**Task description**
Copy, without a single change, each line from the one that holds "17, KINGSWAY, SEAFORD, BN25" to the bottom of the entries below, and drop any pictures.

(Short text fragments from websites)
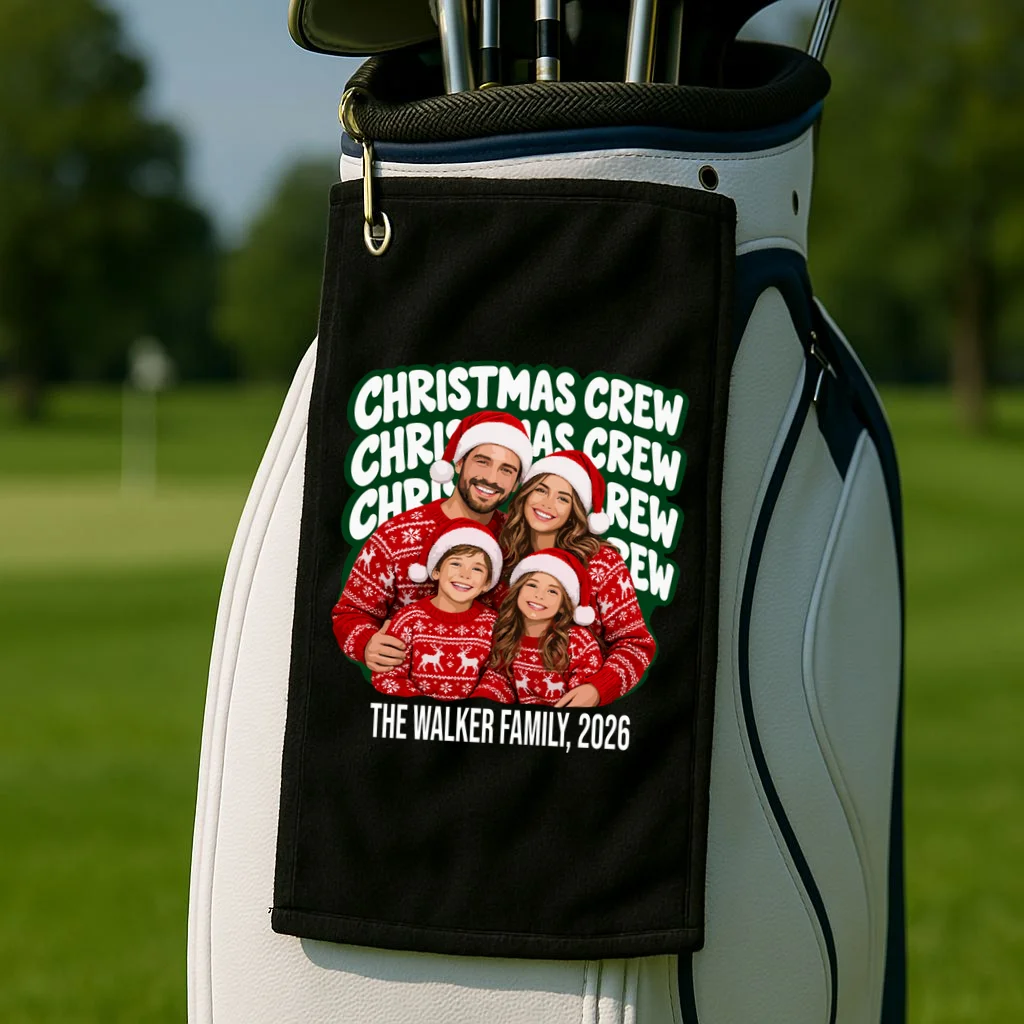 Christmas Crew Family Photo Design 2026 Golf Towel - Front 2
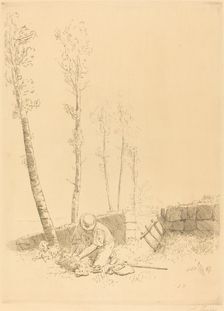 Finding the Sheep (Le mouton retrouve). Creator: Alphonse Legros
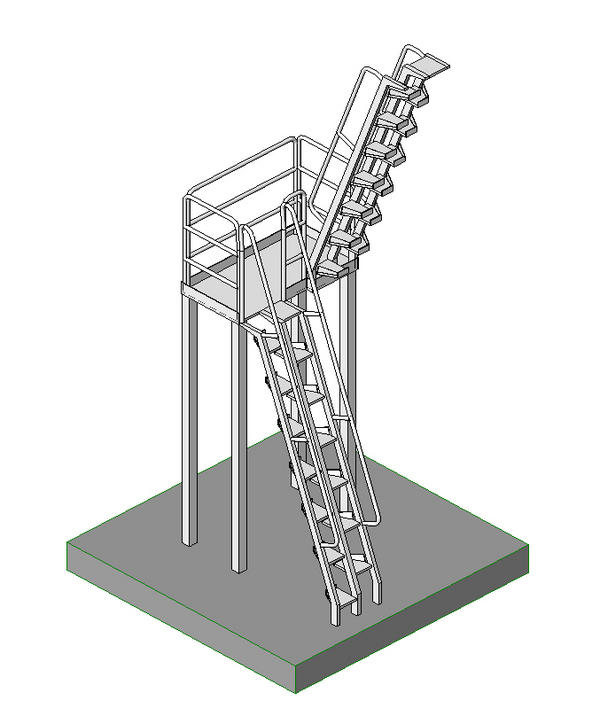 Object Alternating Tread Industrial Stair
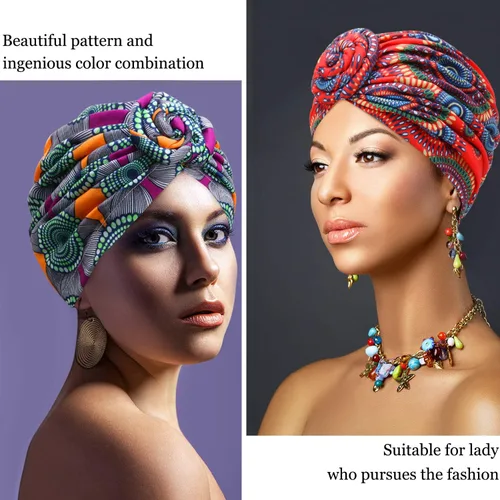 Vista 3 de 6 diademas para mujeres negras, turbantes africanos para mujeres, nudo de flores, gorro preatado
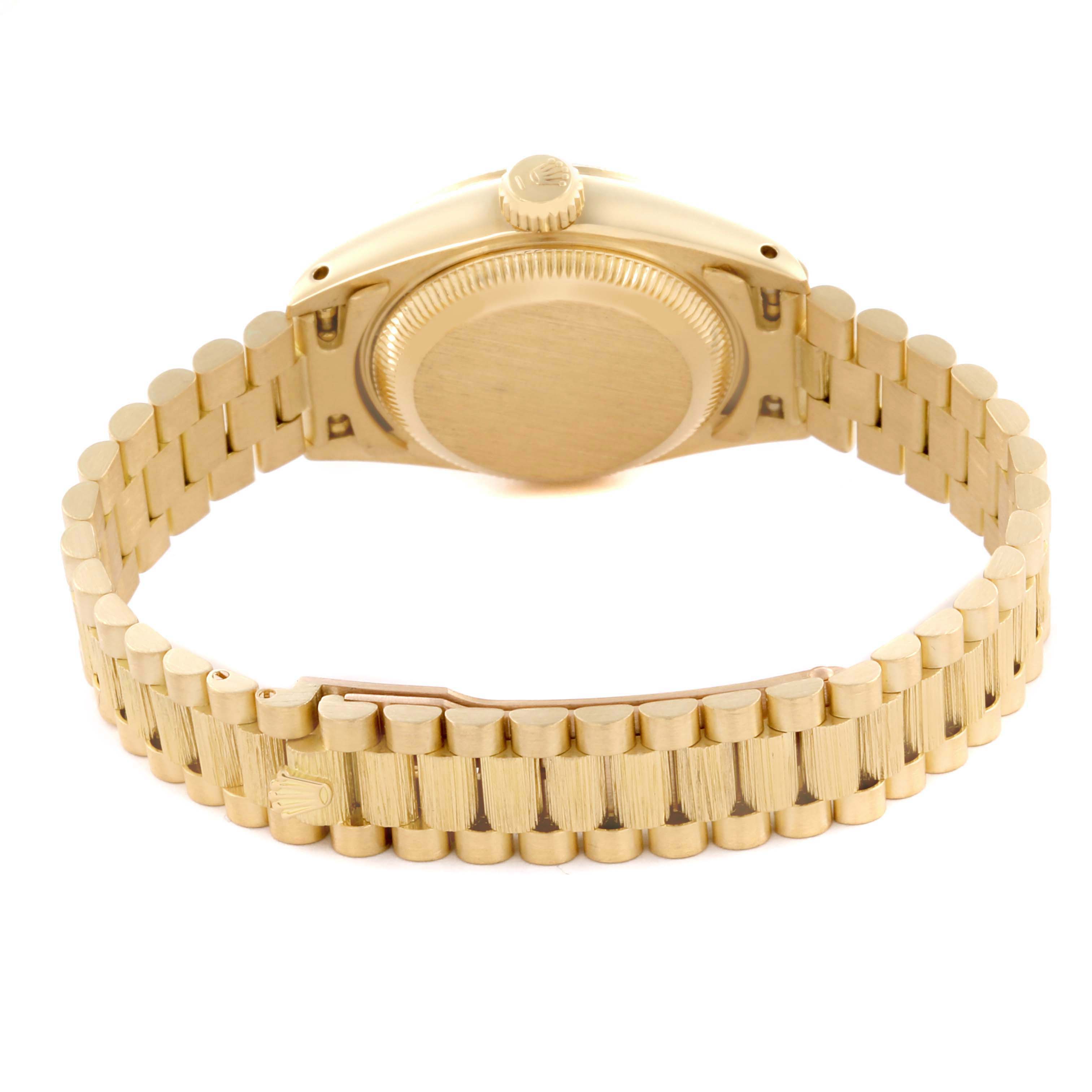 The image shows the back and bracelet of the Rolex President 69278 Women's Yellow Gold Champagne Dial 69278 Women's Yellow Gold Champagne Dial watch, highlighting the clasp and case from a rear angle.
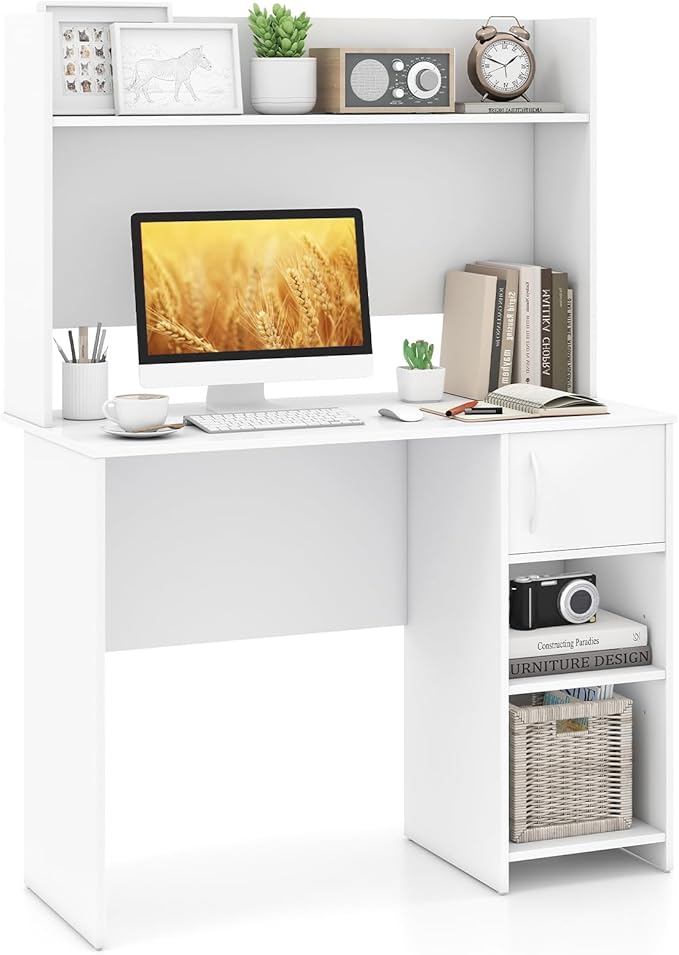 Giantex White Desk with Hutch Small Computer Desk with Bookshelf &amp Adjustable Shelf 2 Cable Holes Modern Laptop PC Computer Workstation Study Writing Desk for Small Spaces Bedroom Home Offic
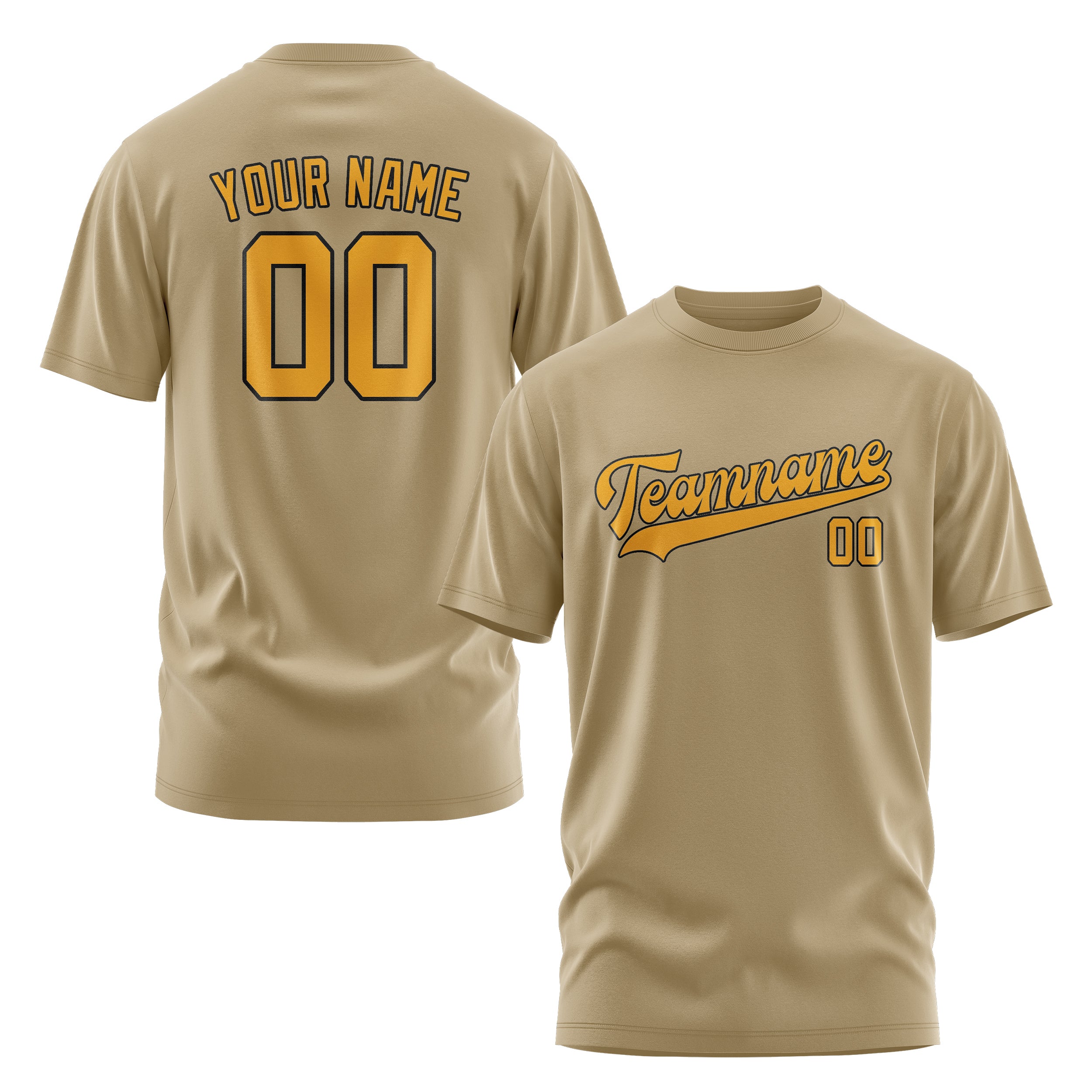 Maßgeschneidertes Hellkhaki Gelb T-Shirt
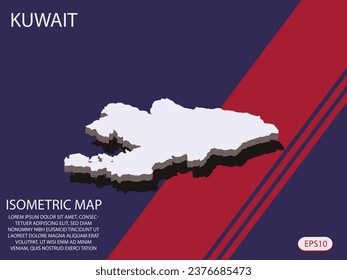 White isometric map of Kuwait elements Blue And Red background for concept map easy to edit and customize. eps 10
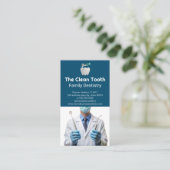 歯のロゴ | 歯科医が歯科用器具を持つ 名刺 (スタンド正面)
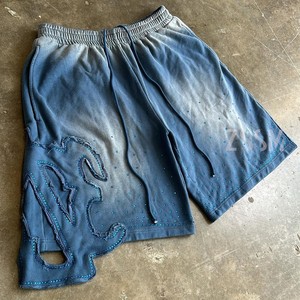 Men's <b>Shorts</b> Puff Printing Sequined Rhinestone <b>Decorated</b> Casual Style <b>Short</b> Length - Product Image 4
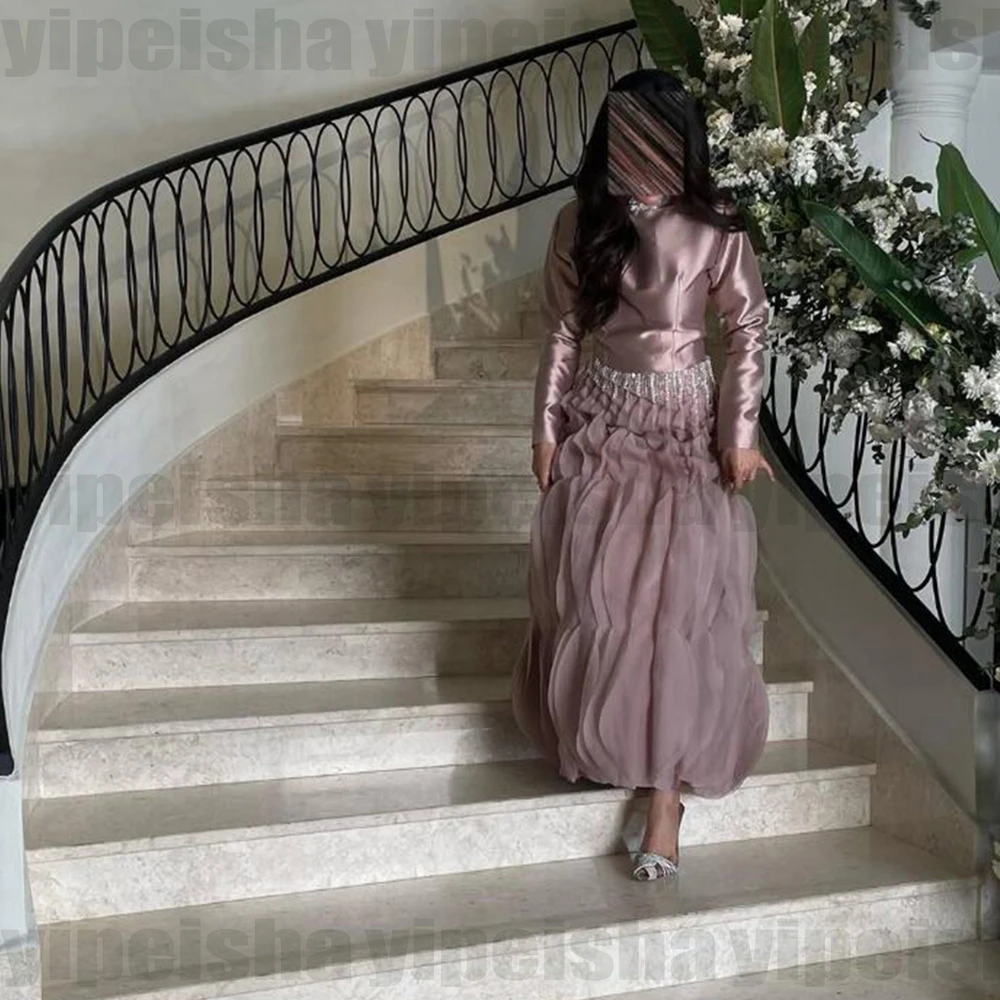 

Customized Scoop Neck Straight Evening Dresses Full Sleeve Ruched Lace Sequined Long Prom Gown Modern Bespoke Occasion Dress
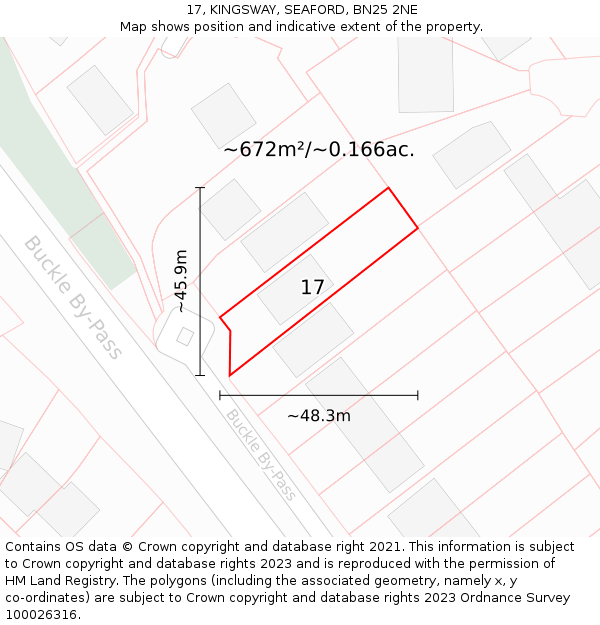 17, KINGSWAY, SEAFORD, BN25 2NE: Plot and title map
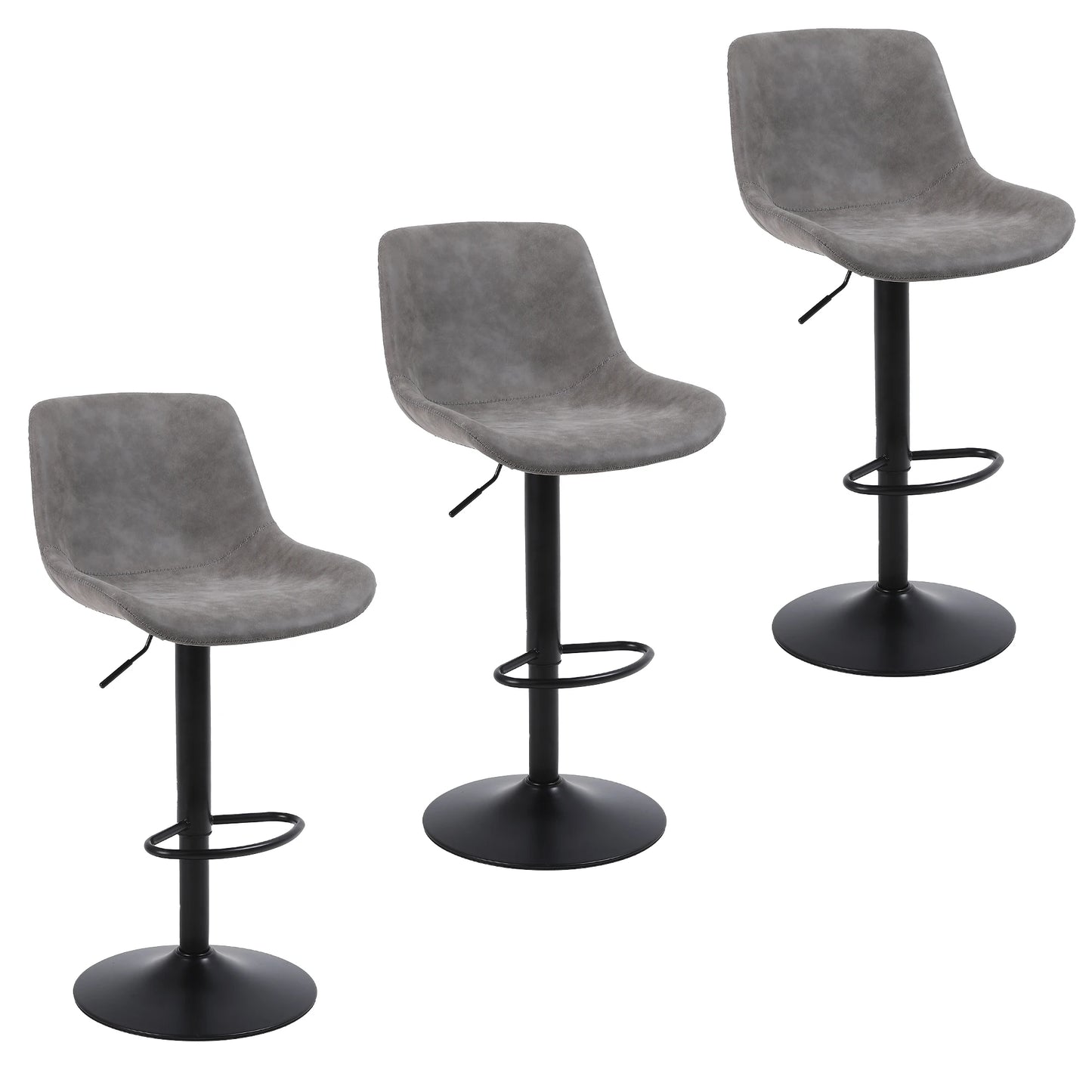Barstoelen Set van 3 – Barkrukken – Keukenstoelen – Draaistoelen – Verstelbare Stoelen – Grijs – 360° Draaifunctie – PU Leder Bekleding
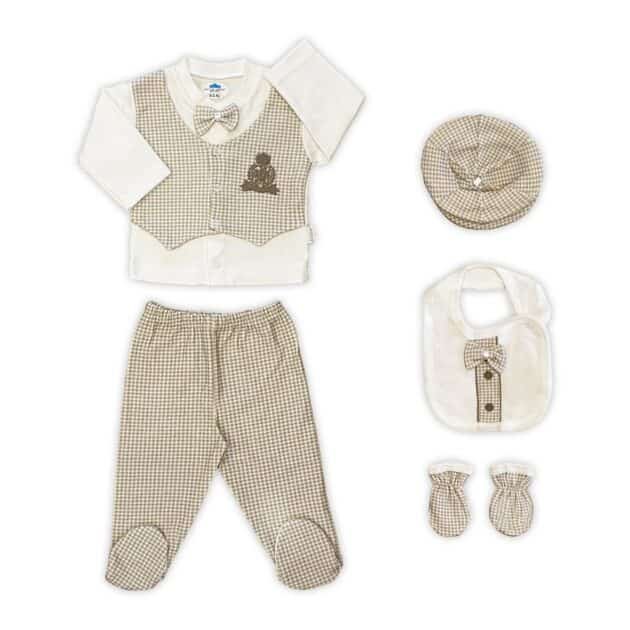 Sema Baby Papyonlu Lüks 5 Parça Hastane Çıkışı Zıbın Seti – Ekru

**Answer area**
 17, KINGSWAY, SEAFORD, BN25 2NE: Plot and title map
Barstoelen Set van 3 – Barkrukken – Keukenstoelen – Draaistoelen – Verstelbare Stoelen – Grijs – 360° Draaifunctie – PU Leder Bekleding
 Sema Baby Papyonlu Lüks 5 Parça Hastane Çıkışı Zıbın Seti – Ekru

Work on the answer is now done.